* [Required work] Although the data below holds other lines too, output only those from the line with "this 480×320 image." up to and including the line with "this 408×320 image.", exactly as they appear.

* [Data for the task]
^^^^

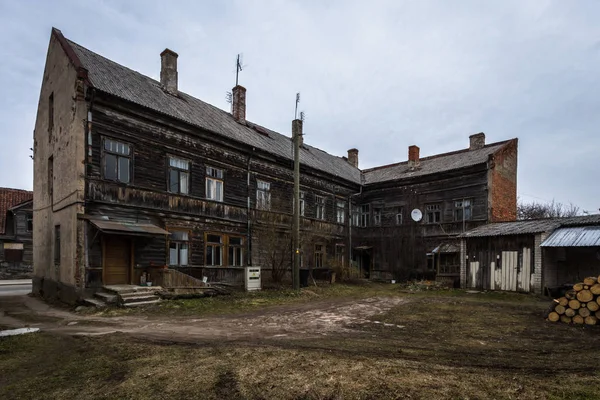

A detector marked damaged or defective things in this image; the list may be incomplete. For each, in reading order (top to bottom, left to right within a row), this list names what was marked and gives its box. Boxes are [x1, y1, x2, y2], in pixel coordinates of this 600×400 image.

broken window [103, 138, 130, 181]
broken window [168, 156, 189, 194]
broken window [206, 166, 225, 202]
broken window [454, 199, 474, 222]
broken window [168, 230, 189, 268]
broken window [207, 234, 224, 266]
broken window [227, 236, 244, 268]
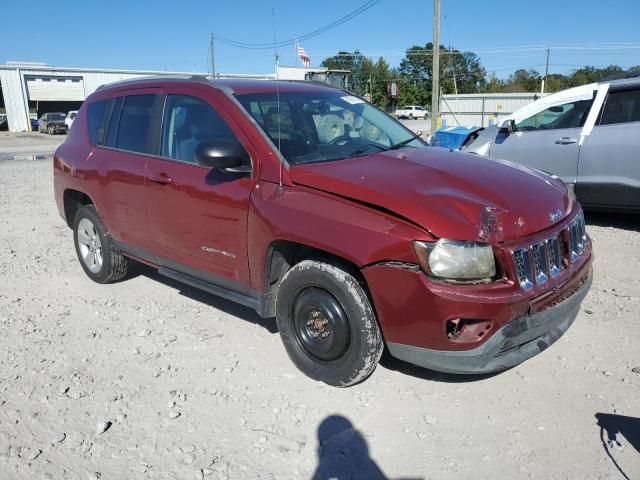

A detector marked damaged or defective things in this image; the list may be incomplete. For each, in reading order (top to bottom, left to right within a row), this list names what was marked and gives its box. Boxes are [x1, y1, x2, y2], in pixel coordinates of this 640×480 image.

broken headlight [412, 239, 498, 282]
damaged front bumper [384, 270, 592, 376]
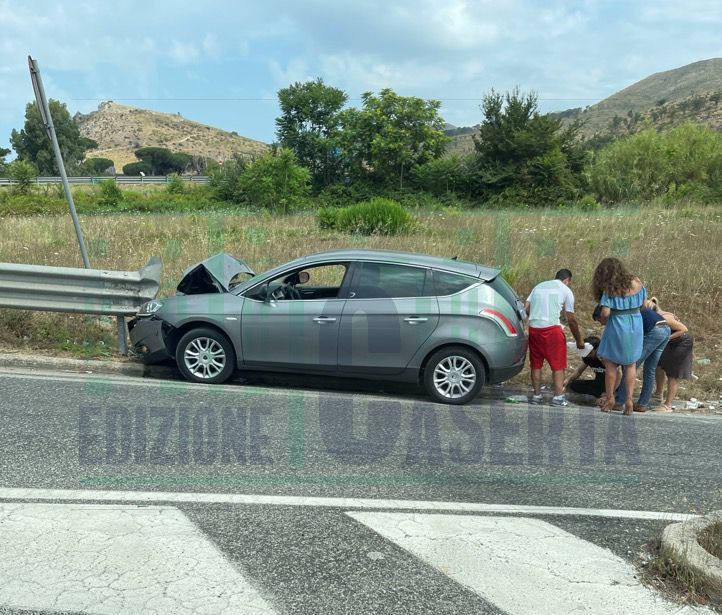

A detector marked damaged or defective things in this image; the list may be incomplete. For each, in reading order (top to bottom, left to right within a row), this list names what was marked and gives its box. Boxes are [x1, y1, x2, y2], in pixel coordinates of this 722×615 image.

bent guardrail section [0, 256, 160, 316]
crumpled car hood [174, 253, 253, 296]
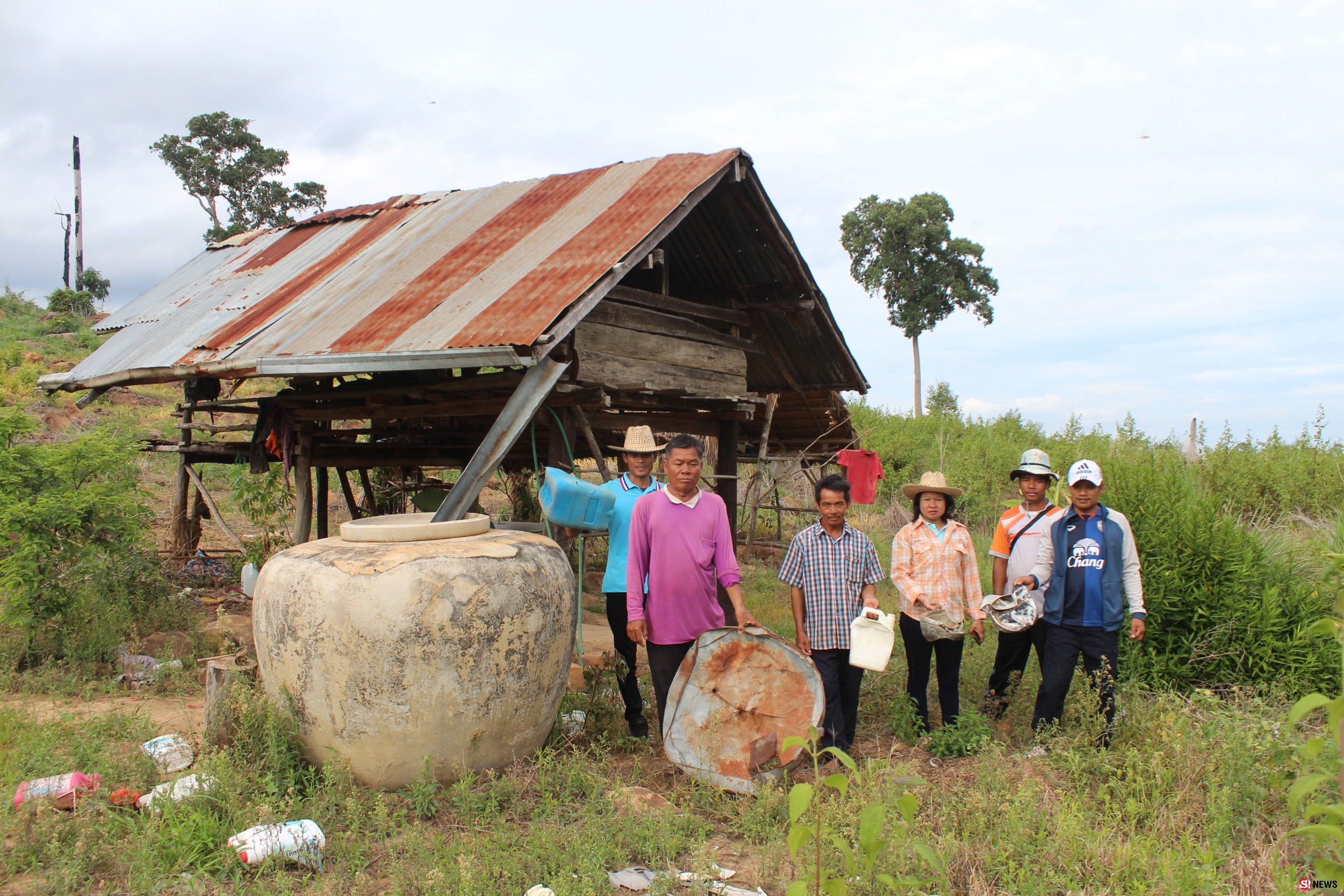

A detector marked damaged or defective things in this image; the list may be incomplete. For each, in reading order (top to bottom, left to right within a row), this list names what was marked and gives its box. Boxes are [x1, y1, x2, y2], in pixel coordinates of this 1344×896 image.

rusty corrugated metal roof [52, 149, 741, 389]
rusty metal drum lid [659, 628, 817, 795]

^^^^

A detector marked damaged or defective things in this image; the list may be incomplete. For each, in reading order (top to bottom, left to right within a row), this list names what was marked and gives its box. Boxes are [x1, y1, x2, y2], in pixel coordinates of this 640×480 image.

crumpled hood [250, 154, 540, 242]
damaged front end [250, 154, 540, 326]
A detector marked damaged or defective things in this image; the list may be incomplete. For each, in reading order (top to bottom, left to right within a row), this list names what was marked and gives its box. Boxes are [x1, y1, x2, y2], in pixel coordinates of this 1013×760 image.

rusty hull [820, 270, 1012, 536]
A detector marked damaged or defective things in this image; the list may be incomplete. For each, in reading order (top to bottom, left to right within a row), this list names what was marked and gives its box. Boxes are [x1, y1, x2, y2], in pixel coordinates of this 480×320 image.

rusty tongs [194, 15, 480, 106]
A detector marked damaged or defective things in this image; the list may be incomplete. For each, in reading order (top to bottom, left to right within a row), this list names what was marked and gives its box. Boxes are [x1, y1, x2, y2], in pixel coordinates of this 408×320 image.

^^^^

* [Output for this exercise]
A detector marked damaged or defective things in this image; the list may be incomplete. For each, in reading order (top to bottom, left to right within a row), this list names what was marked and gives its box. Boxes are [x1, y1, x2, y2], in pixel coordinates of this 480×320 image.

rusty tongs [194, 15, 480, 106]
A detector marked damaged or defective things in this image; the list may be incomplete. For each, in reading order (top to bottom, left to right within a row), this list names what was marked and gives its box. Boxes are [x1, y1, x2, y2], in pixel coordinates of this 408×320 image.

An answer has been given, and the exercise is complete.